Because the metabolic efficiency of the human body will slow down after 1 1 in the afternoon, if you eat supper at this time, you will basically digest slowly, which is more likely to cause overnutrition, and the calories cannot be completely decomposed into fat accumulation, and your weight will get bigger and bigger, and your figure will become more and more rounded.
However, in view of the nature of the work, he mostly works at night, which is not conducive to his health. It is suggested that he change his daytime job as soon as possible, adjust his schedule and diet intake, and gradually restore his normal metabolic function.
Then, if you want to lose weight healthily and scientifically, you must know all the indicators of your body clearly. You'd better buy an instrument to measure body fat, and then learn the basic knowledge of fitness theory and understand the meanings of warm-up, aerobic, anaerobic, fat reduction, muscle gain and other professional terms. Then, combined with changing the working hours during the day, you must arrange the daily exercise for 90- 150 minutes.

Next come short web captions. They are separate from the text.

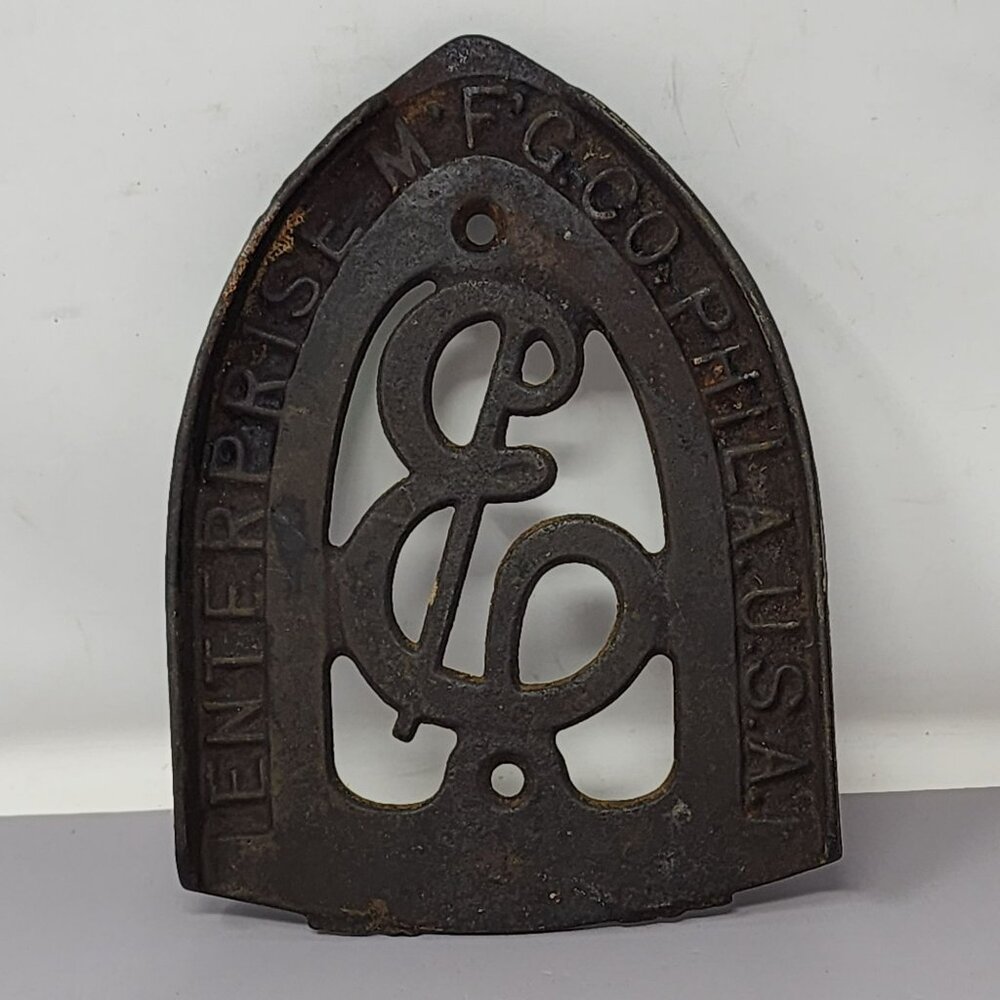 Vintage Enterprise‎ MFG Co. Phil USA Cast Iron Trivet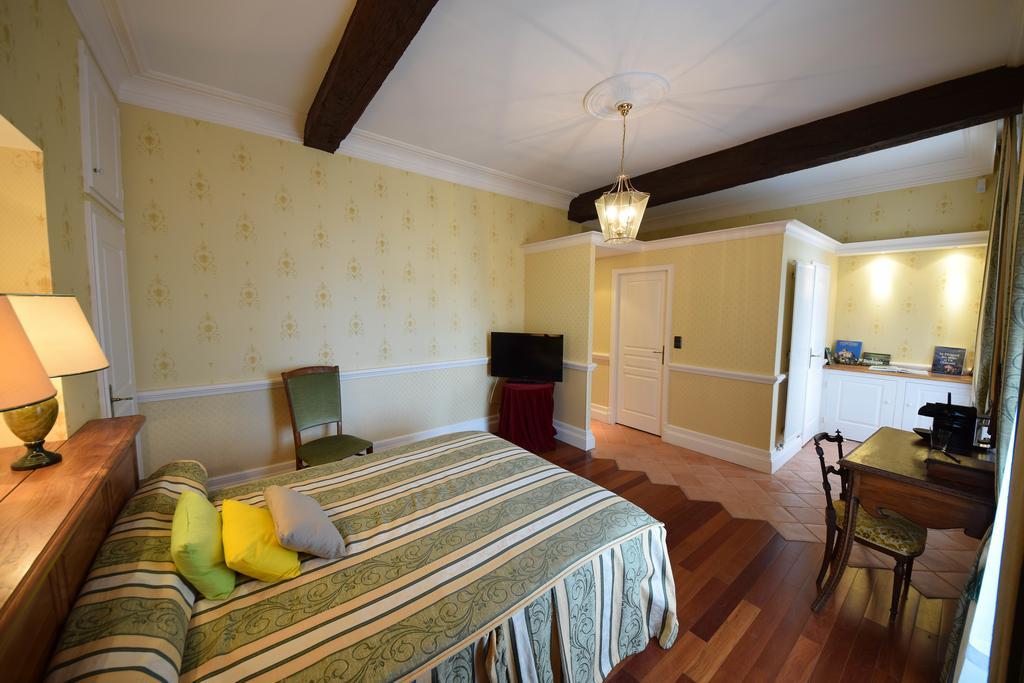 Domaine De La Rocque Bed & Breakfast Liorac-sur-Louyre Exterior foto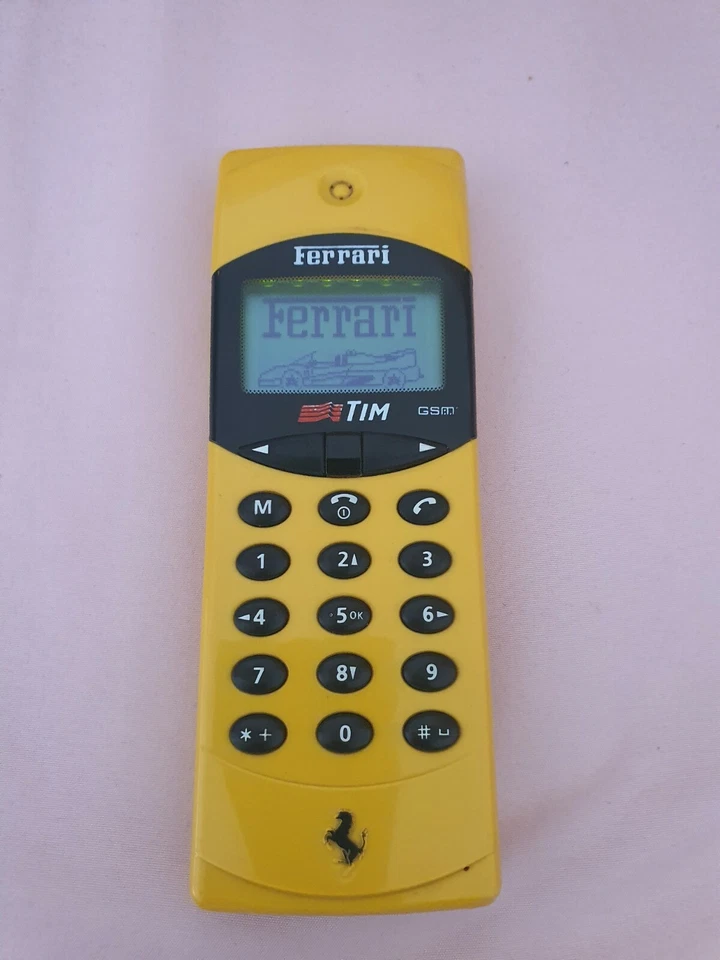 Hagenuk FERRARI GIALLO MODENA 🚖 - Immagine 1 di 4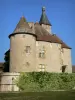 Castelo de Beauvoir - Fachada do castelo; na cidade de Saint-Pourçain-sur-Besbre, no vale de Besbre (Besbre Valley)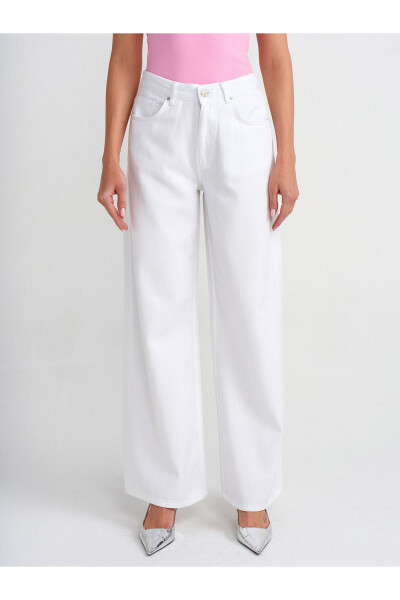71480 Wide Leg Denim Trousers with Drape - White - 13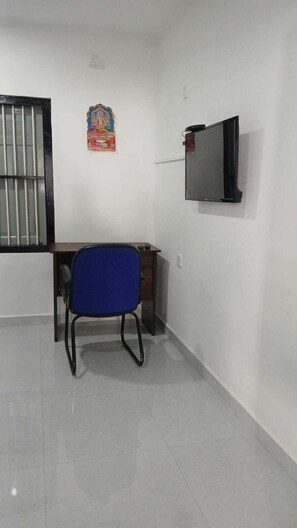 In-room safe, iron/ironing board, free WiFi, bed sheets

I list some suggestions for your reference only:
1, change to work during the day, 9 am to 6 pm is the best, which is convenient for arranging fitness time. 2, improve the diet, from three meals a day to five meals a day, each meal is reduced by half, eating less and eating more meals can prevent eating too much at a time, which will expand the stomach and lead to eating more. 3. The dietary intake is mainly vegetables, fruits and coarse grains, with a small amount of chicken breast, beef, prawn, egg white, skim milk, lean pork and freshwater fish. , balanced nutrition. Protein must be supplemented during fitness to promote muscle growth and accelerate fat consumption.
4, the schedule should be regular, don't stay up late, staying up late is equivalent to consuming the body's yang, don't let the body work for a long time, since it is decided to reduce fat and slim down, it is necessary to give the body the highest standard of treatment, go to bed early and get up early.
5. Learn more about the theoretical knowledge of fat-reducing exercise and learn to achieve the highest efficiency of burning fat through the combination of aerobic and anaerobic exercise.
6. Shut up and refuse all junk food, because junk food is the root of obesity. All kinds of sweets, snacks, fried dishes and other foods are high in calories, which will slow down the fat-reducing effect and even rebound soon.